Fils d’Arsène Morin, le secrétaire d’Honoré Mercier fils et descendant du patriote Augustin-Nobert Morin, Jacques-Yvan Morin était prédestiné à faire de la politique.
Avant de sauter dans l’arène, toutefois, Jacques-Yvan Morin se dirigeait vers une carrière d’intellectuel en droit. Ce natif de Québec a fait des études à l’Université de Montréal, à McGill, à Cambridge et à Harvard, ce qui l’a mené à pratiquer le droit pendant quelques années.
En 1958, à 27 ans, il entre dans le milieu académique, qu’il ne quittera jamais vraiment puisqu’il y reviendra après son passage en politique.
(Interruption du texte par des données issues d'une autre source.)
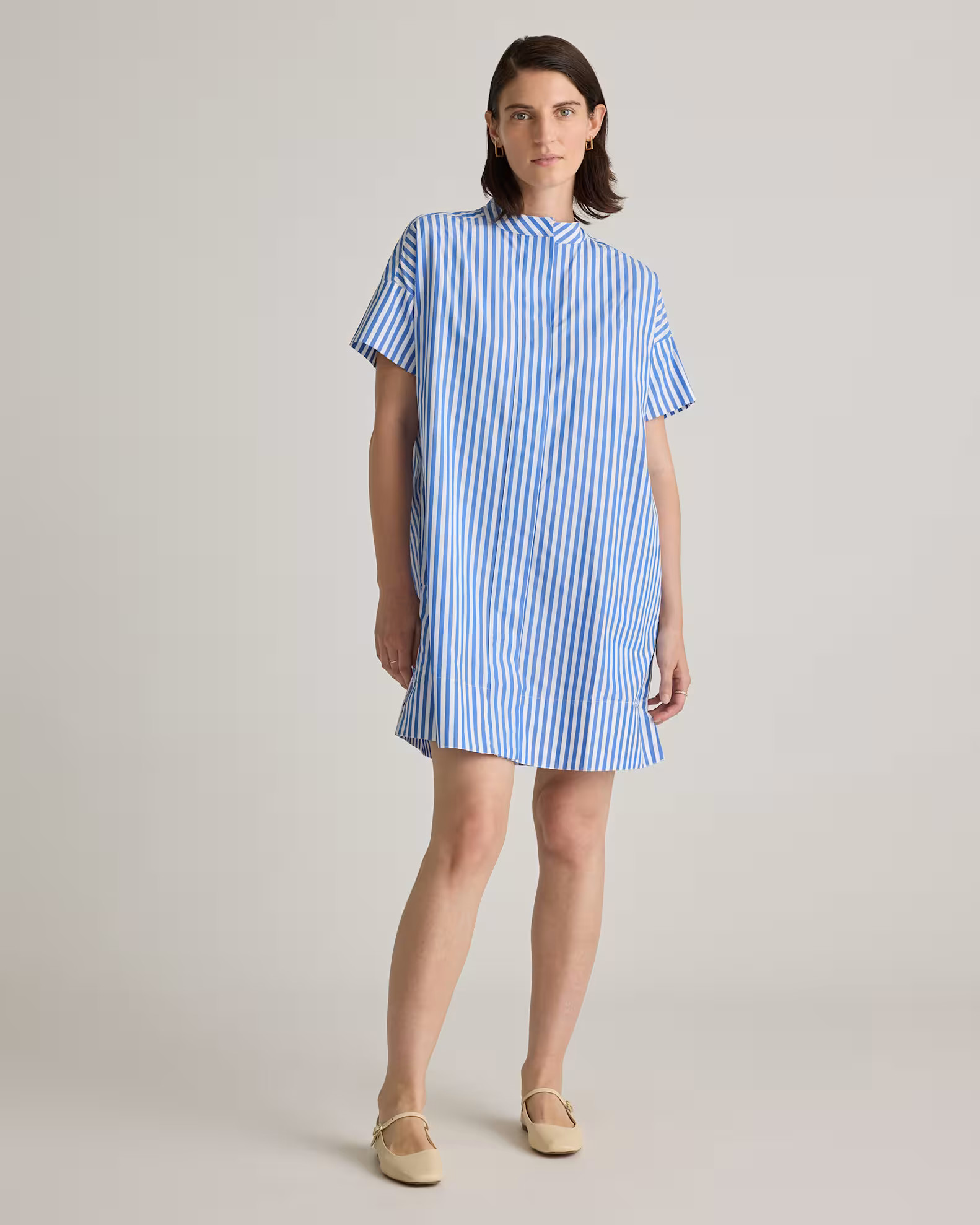100% Organic Cotton Short Sleeve Shirt Dress | Quince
Jusqu’en 1973, il enseigne le droit constitutionnel à l’Université de Montréal – lieu où il a fourbi ses premières armes politiques.
Au début des années 1960, un dénommé Michel Chartrand, qui est à l’époque impliqué dans le Parti socialiste, l’approche pour rédiger la première charte des droits de la personne au Québec.
Le texte de la charte, qu’il dit avoir conçu en bonne partie, l’amènera à publier un article sur le sujet dans la Revue de droit de McGill en 1963 – une revue qu’il a contribué à créer. Sa réflexion constituait le « botté d’envoi » de la Charte des droits et libertés de la personne adoptée en 1975, a écrit l’avocat Alain-Robert Nadeau dans le Journal du Barreau, à l’occasion du 25e anniversaire de la charte.
À l’émission Mémoires de députés en 2010, Jacques-Yvan Morin dit avoir été atteint par la piqûre politique lors du débat sur la formule Fulton-Favreau – une formule de modification constitutionnelle qui ne donnait pas de droit de veto au Québec dans l’éventualité d’un amendement de la Constitution canadienne.
« Cette formule, qui bloquait tout développement favorable au Québec, m’apparaissait invraisemblable en pleine Révolution tranquille alors que le Québec cherchait à obtenir plus de pouvoirs », avait-il confié en entrevue avec Le Devoir en 2014.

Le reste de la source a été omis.